- Colonel John S. Day, Assistant D-3
"As Assistant D-3, I landed with O. P. Smith just behind Gordon Gayle’s 3rd Battalion 5th to set up the advanced division CP. We were just about the only Amtrac making it for the beach at the moment and I had a feeling that we were the sole target for the enemy mortars and artillery as the shells hit nearby. Made it to shore, however, without damage, met a sniper or two, discovered the site planned from the map was untenable, scouted for a new one and set up the CP in an anti tank ditch that ran parallel to and a few yards from the beach. A few days later we moved the CP into the enemy airport administration building that had been pretty badly battered by our navy’s big guns. When I left with O. P. Smith and the rest of the Division rear echelon staff on November 1, the army had decided that out CP would be the advanced OP and they relocated their division CP back to Green Beach!"
The view from the 2nd floor of the Headquarters Building towards the extreme south end of the Umurbrogal Ridge (Bloody Nose Ridge).
Day's immediate boss, Lt. Col. Jeff Fields, in front of the iron door that lead to the 2nd floor Japanese Headquarters Communications Center.
Brig. Gen. O. P. Smith's headquarters at Orange Beach where Day was located from the middle of October until they left Peleliu. The tall gentleman in combat boots is Gen. Smith.
"A combat camerman was in our group with little else to do just before departure, suggested he take a picture that I could send to my wife, Barbara. A typical professional, he was not satisfied with a shot just showing my in my usual rumpled clothes wearing a beat up cap, so he hung all the stuff on me to 'dress me up'."

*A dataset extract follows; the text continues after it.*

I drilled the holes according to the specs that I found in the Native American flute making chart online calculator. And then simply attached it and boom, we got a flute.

- Eugene “Half Track” Stramel, H&S
"Our unit of HQ Battalion were assigned as stretcher bearers on Bloody Nose Ridge. One night after we had evacuated a number of wounded, we were holded up in a CP (Command Post) of 7th Marines. We were told to remain in the CP through the night. After a while, a non commissioned officer came to our three man team and asked for a volunteer. It seemed they needed one more Marine to fill a gap in the line for the night. The enemy were in caves all over the area and attacks were expected during the night. One volunteer was requested. We had always said, 'Never volunteer'. The three of us were scared and we froze. Beings I was the oldest and probably the senior of the three, I volunteering. It was a long night and the enemy emerged from the caves and it was a fierce night of battle. But I survived it all and by dawn I was called down to help evacuate some wounded Marines. The CP and the area all around was littered with dead Japanese and some Marines. The CP had been wiped out. As I looked for my two buddies, I found nothing. Both of them had been completely destroyed with many others. Later on we could only find bits of one, but nothing of the other."

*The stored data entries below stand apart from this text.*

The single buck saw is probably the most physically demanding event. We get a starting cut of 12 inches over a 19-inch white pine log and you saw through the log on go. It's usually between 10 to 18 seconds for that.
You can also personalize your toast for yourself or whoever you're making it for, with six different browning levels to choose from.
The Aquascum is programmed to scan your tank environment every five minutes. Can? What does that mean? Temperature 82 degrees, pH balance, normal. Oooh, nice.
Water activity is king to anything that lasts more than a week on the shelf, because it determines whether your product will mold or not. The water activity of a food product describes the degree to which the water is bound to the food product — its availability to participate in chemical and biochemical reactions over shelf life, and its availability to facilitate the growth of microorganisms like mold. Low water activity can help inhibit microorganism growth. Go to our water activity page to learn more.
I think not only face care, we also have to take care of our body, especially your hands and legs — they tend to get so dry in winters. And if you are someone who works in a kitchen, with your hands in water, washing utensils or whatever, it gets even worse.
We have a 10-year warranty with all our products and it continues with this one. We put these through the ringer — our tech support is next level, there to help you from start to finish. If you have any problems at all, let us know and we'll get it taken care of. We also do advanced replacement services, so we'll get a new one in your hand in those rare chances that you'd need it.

- Sgt Robert E. Galer, 1st Radio Intelligence Platoon
- Bob Feist, 2nd Radio Intelligence Platoon
"I was at the ripe old age of nineteen when I hit the beach during the Peleliu Campaign, landing approximately 24 hours after the first wave attacked. The chaotic scene I encountered is vivid in my memory. Explosions seemed to be erupting everywhere, weapons of every caliber were chattering, and many dead, both U.S. and Japanese, lie strewn on the beach. A short distance from my landing site a dead Marine lay on top a tank, his body almost severed in the middle.
Most of my five weeks-September 16 to October 21-spent on Peleliu involved menial tasks such as lugging ammunition and other supplies, digging fox holes, and doing guard duty. Any person on that small island during the invasion was in danger. Three of our members of the Second Radio Intelligence Platoon were killed by a mortar shell while they were unloading supplies at the beach. Eleven others were wounded by the explosion, some so seriously they could not return to duty and were discharged."